1) Great Leaders Thrive on Ambiguity. While most of us like black and white decisions, successful leaders are comfortable with what Mobley called, “shades of gray.” Great leaders are able to hold apparent contradictions in tension. They use the tension these paradoxes produce to come up with innovative ideas.
2)   Great Leaders Love Blank Sheets of Paper. Supervisors and middle managers use a framework of policies and procedures to guide them to the proper decision. They want a plan that reduces their job to filling in the blanks or what Mobley called “following the bouncing ball.” By contrast, leaders create the blanks that managers fill in. Like some business Einstein intent on reinventing the universe, every great leader relishes the opportunity to “think things through” from scratch.
3)   Great Leaders are Secure People. Successful executives thrive on differences of opinion. They surround themselves with the best people they can find: people strong enough to hold a contrary opinion and argue vociferously for it. Great leaders crave challenges, and this means hiring the most challenging people they can find with no regard for whether today’s challenger might be tomorrow’s rival.
4)   Great Leaders Want Options. Long before it became fashionable,Mobley was a huge proponent of diversity.

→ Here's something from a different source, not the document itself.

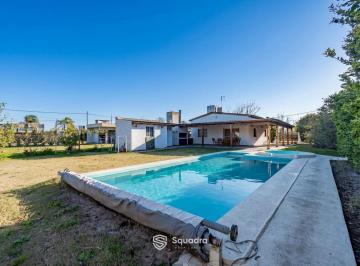 Casa · 93m² · 3 Ambientes · 4 Cocheras · Venta | Permuta - Casa de 2 Dorm. Comodín, Piscina, Cochera y Parrillero - Acequias, Roldán.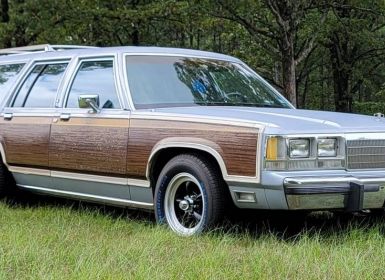 Vente Ford Country Squire station wagon  Occasion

However his definition meant a diversity of opinion rather than the kind we usually associate with political correctness. Mobley’s great leader constantly demands diverse options from his team, and uses these options to produce creative decisions.
5)   Great Leaders are Tough Enough to Face Facts. At heart Mobley was a spiritual man who valued the Truth for the Truth’s sake. Successful executives face facts, and this means being open to the truth even when it is not what we want to hear. One of the most successful executives I know offers cash rewards to anyone in his company who can prove him wrong. Great leaders have a nose for B.S and abhor it.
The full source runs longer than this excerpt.